In the recent years the rigid object detection task has played an important role in computer vision, now the marketplace is asking for more “powerful” algorithms to detect objects. There are two main strategy:
- Detection/Classification of a large number of objects (i.e. more than a dozen): the best (trendy) approach is Deep Learning but this strategy is extremely expensive in training (billion of examples, thousands of labels) and computationally prohibitive on low cost devices. It’s the right approach for a “remote server” classification, it will not be “really” suitable for mobile phone and devices for (minimum) a couple of years yet.
- Detection/Classification for a limited number of object: the best approach is the composition of boosted binary classifiers, trained with a limited number of examples. It’s the right approach for the “live” detection/classification, and it’s already suitable for ARM and mobile devices in general (i.e. face detection within your smartphone’s camera app).
From a researcher’s point of view, a common feeling is that the rigid object detection task is a “closed” topic, Viola and Jones approach with differential features allows to detect object with a good reliability. This is partially correct, not fully.

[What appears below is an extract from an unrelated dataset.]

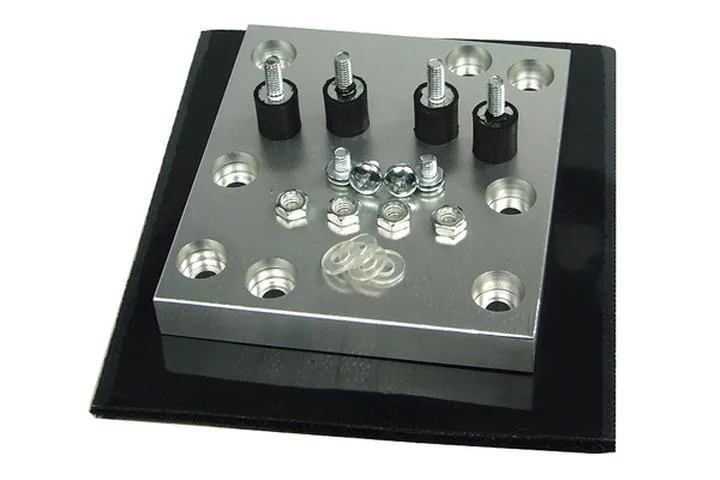 Chrome anodised aluminium pump mounting socket, 90 x 80 x 12mm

In the incoming internet of things IOT era the needing of detecting objects on extremely low-power devices will be essential (digital signage, sensors, automotive, etc.), for these reasons we designed and implemented the SCARTMAN IOT cascade detector.
SCARTMAN IOT FEATURES
It follows a list of features compared to the “classic” Viola and Jones approach with differential features:
- Given a feature (HAAR, LBP, HOG or a custom one), SCARTMAN IOT training-step improves the power of each feature up to 10x. For a 10x improvement in learning, the feature will be just a +5% slower on field.
- Given the same quality, SCARTMAN IOT has just the 20% of the number of features of a classic V&J cascade. Then the average speed of the detection is approximately 5x faster than usual cascades.

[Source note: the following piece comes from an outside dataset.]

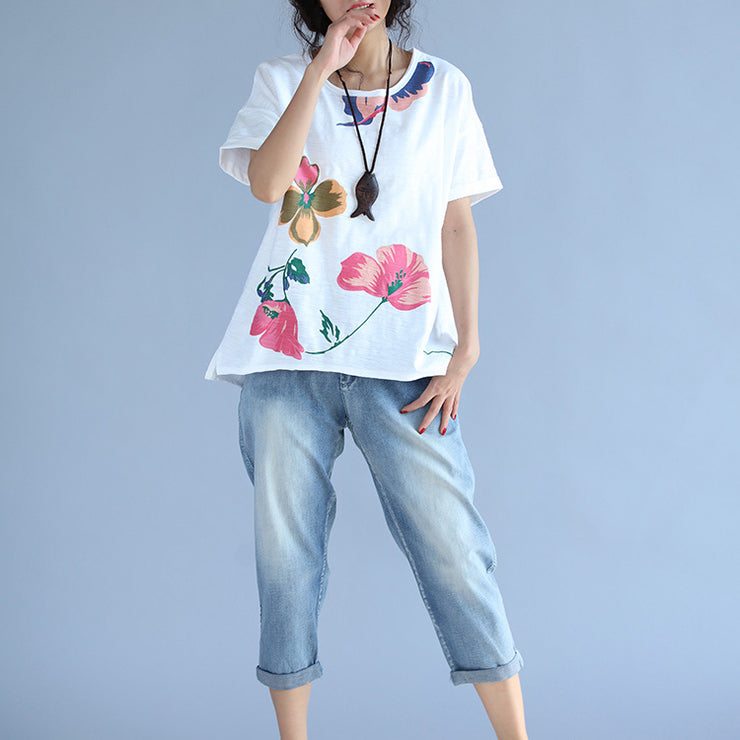 Elegante Kurzarm-Baumwollkleidung für Damen Boho Fabrics weiße Druckkastenblusen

- Given the same computational load SCARTMAN IOT can offer a bigger capability to describe the object. More poses can be involved in dataset, occlusion or different objects as well in the case of the multi-class cascades.
- SCARTMAN IOT requires less than 15 MB of RAM to detect several class of objects.
- SCARTMAN IOT is written in C++, suitable for Windows, Linux and Android. It is not dependent from any third-party library, LAPACK or BLAS included (linear algebra from the scratch, suitable for devices without OS). Tested on ARM, ready for IOT.